Numerical investigation of coarse granular flow of the Coandă effect-based collector over logarithmic spiral surface for deepsea mining

Abstract

As an emerging hydraulic harvester for deep-ocean polymetallic nodules, Coandă effect-based collectors aim to minimize seabed disturbance while maintaining high collector efficiency. This study employs CFD-DEM simulations to analyze a logarithmic spiral collector with non-dimensional parameters (s/R = 1, 2/3, 1/2), focusing on jet dynamics and particle trajectories. Results reveal that the near-wall jet entrains ambient flow, creating a high-pressure zone at the collection pipe inlet. The merged flow ascends asymmetrically toward the tube, inducing a reflux vortex. Jet expansion is quantified via normalized half-width (y_1/2m/h), showing a linear growth rate (∼10 % per s/h increment) along the logarithmic spiral. Turbulence effects are characterized by wall Reynolds number (Re_w) and local Reynolds number (Re_b): Re_b increases monotonically with s, while Re_w first decreases then increases due to delayed boundary layer development, independent of s/R. Particle motion exhibits four distinct lift phases, with higher s/R ratios enhancing sustained horizontal jet velocity components, thereby accelerating particle velocity during lift and revolution stages.

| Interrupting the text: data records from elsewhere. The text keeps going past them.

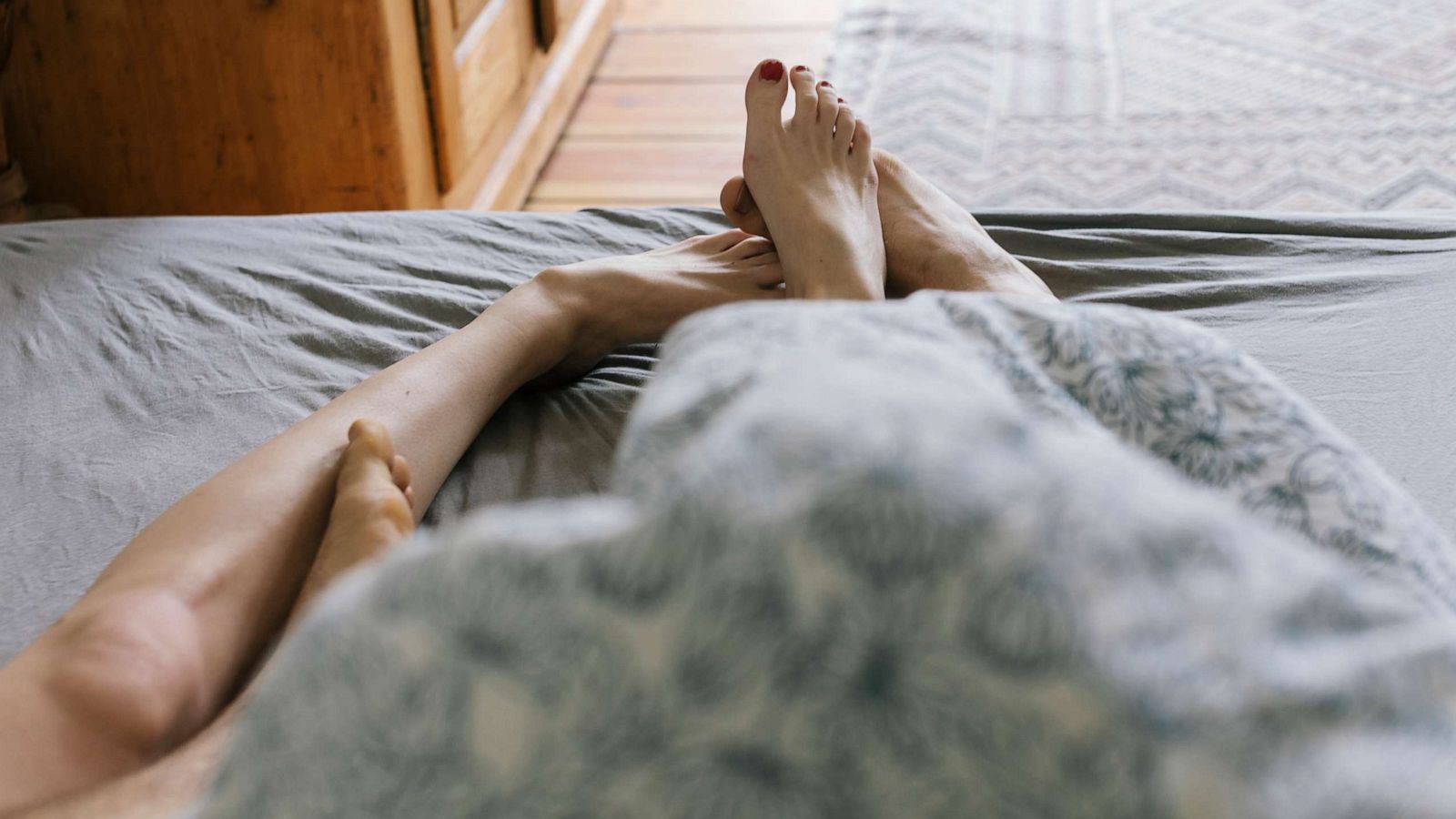 PHOTO: A couple lies in bed in this stock photo.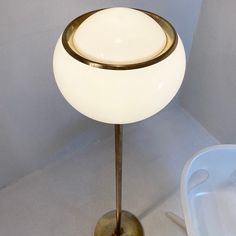 a table lamp sitting on top of a white floor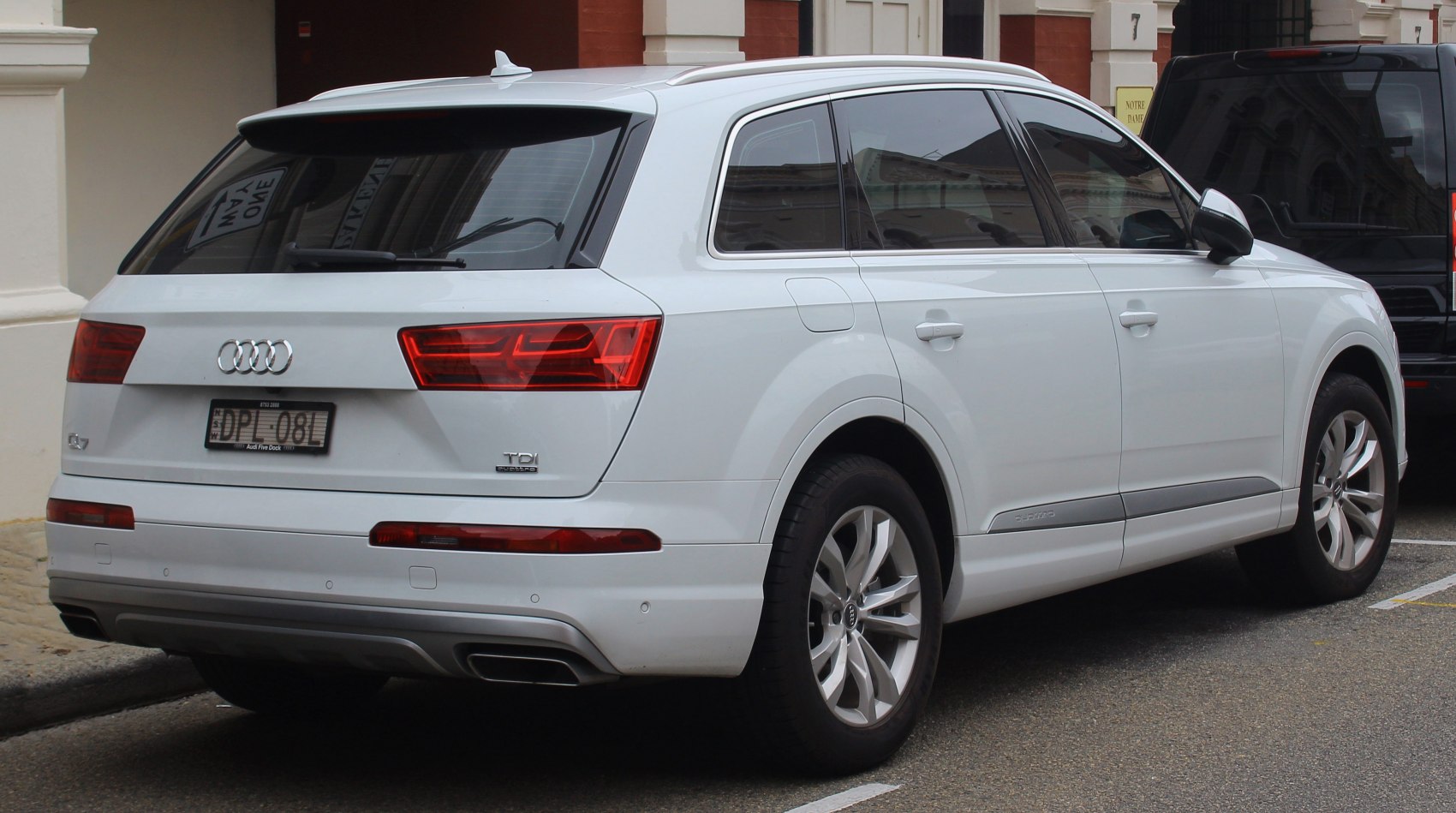 White luxury SUV rear side with LED tail lights and dual exhaust.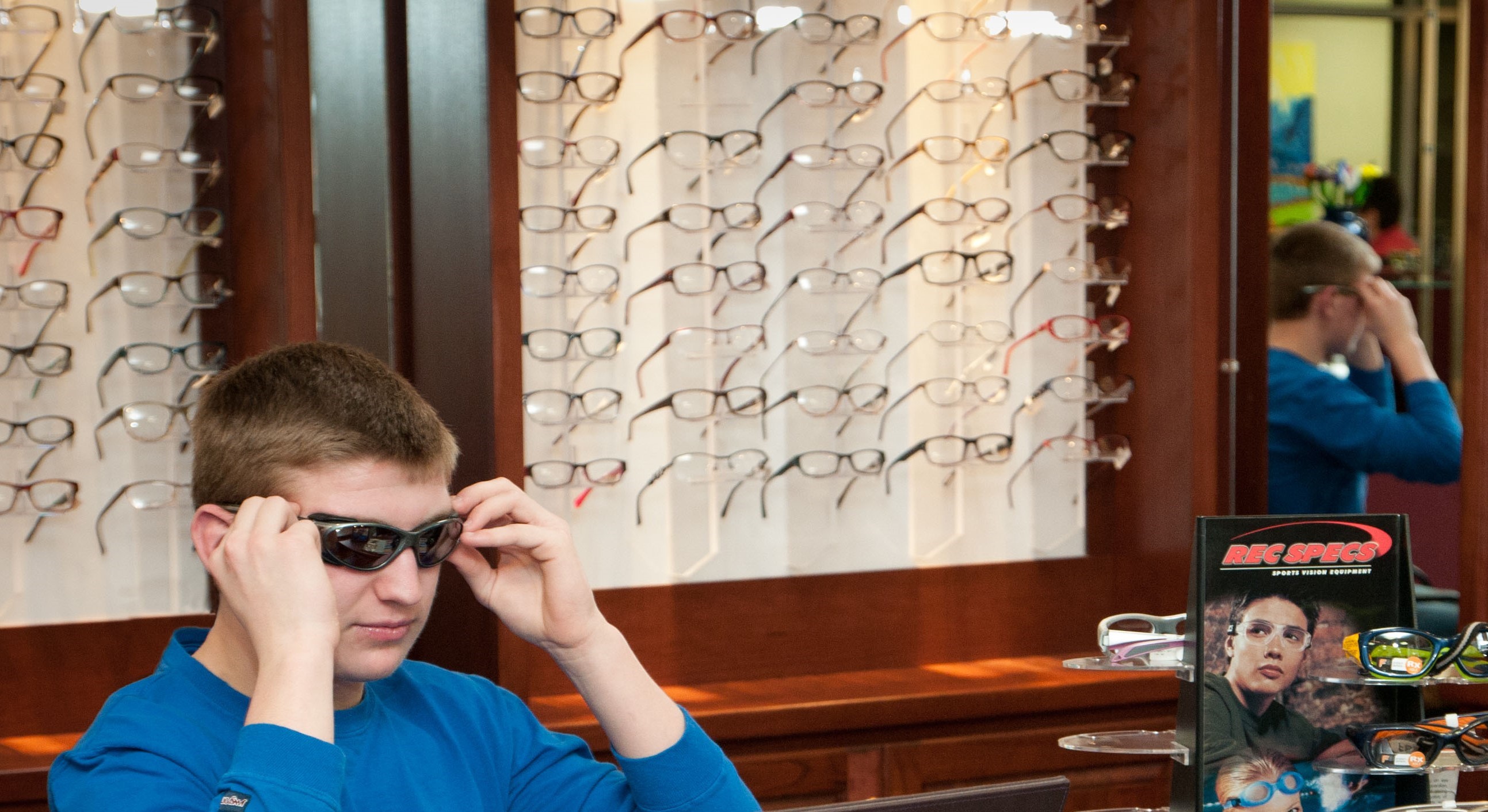 Man trying out new sporty sunglasses at Eye & Vision Clinics, S.C.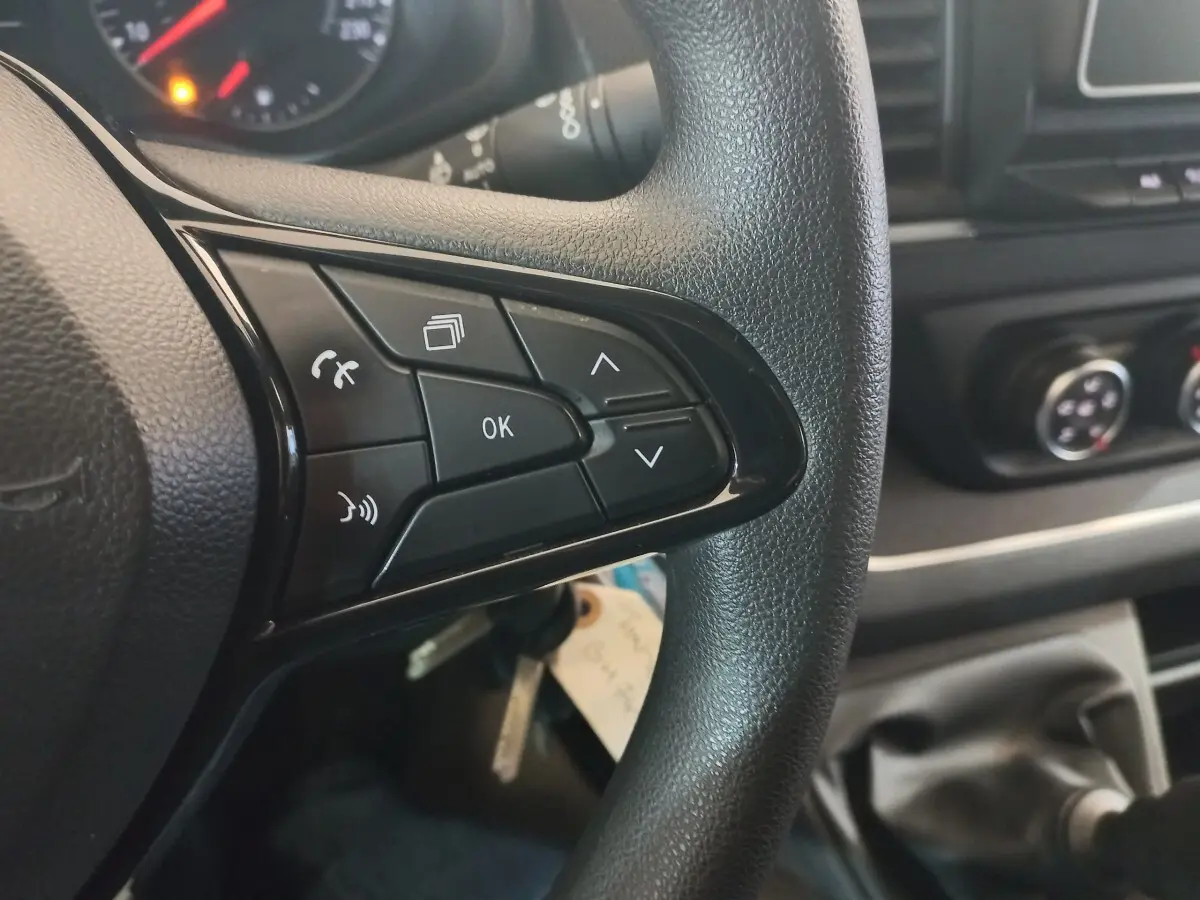 Gros plan sur les commandes multifonctions du volant noir du Renault Trafic Fourgon blanc, avec tableau de bord en arrière-plan.
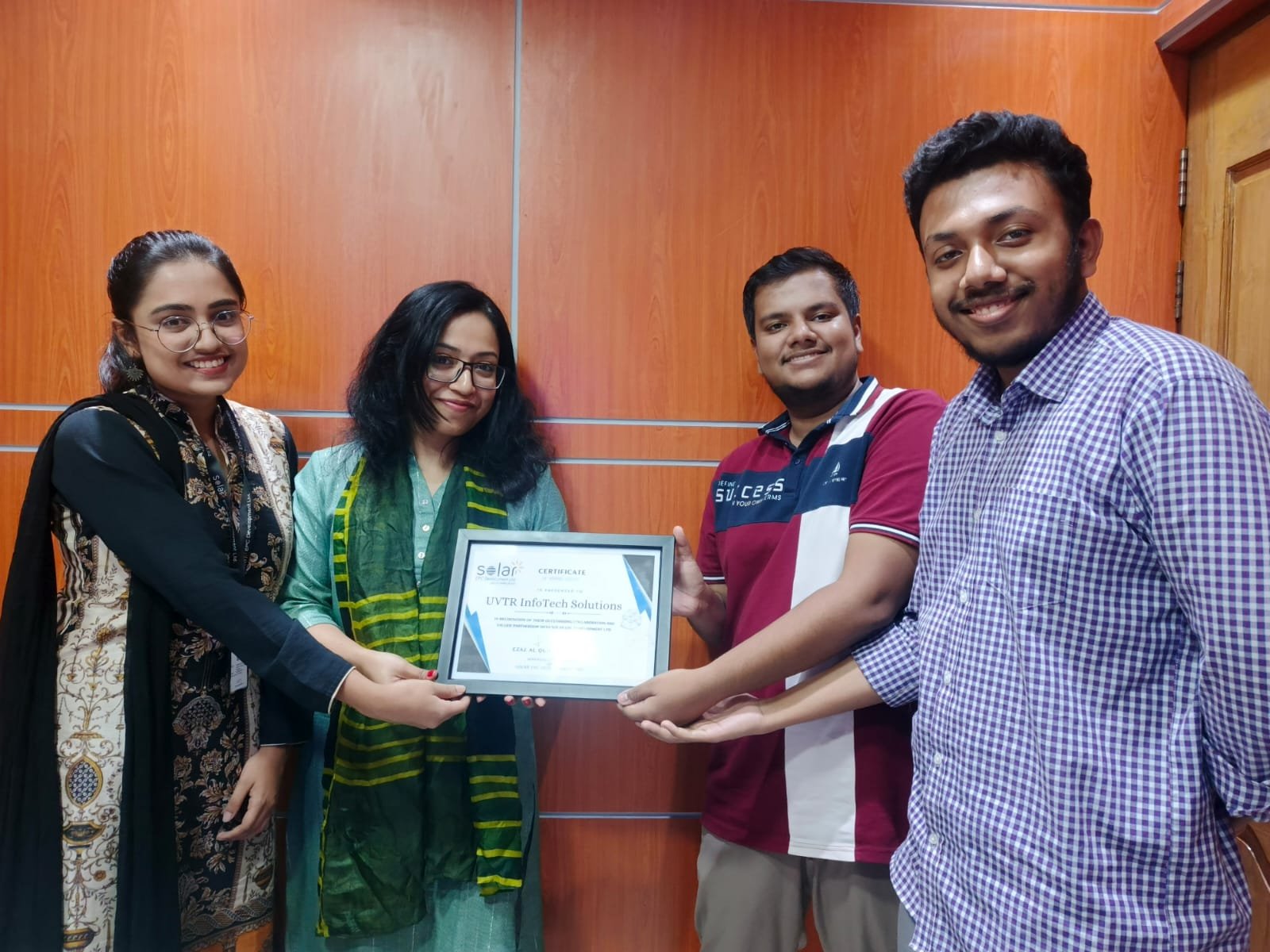 UVTR InfoTech Solutions team receiving certificate from Solar EPC Development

These findings systematically clarify interactions between spiral geometry, flow dynamics, and particle transport, offering direct guidance for optimizing Coandă effect-based collectors to reduce seabed environmental impact. The proposed metrics (y_1/2m/h, Re_w, Re_b) establish quantitative benchmarks for evaluating hydraulic performance in deep-sea mining applications.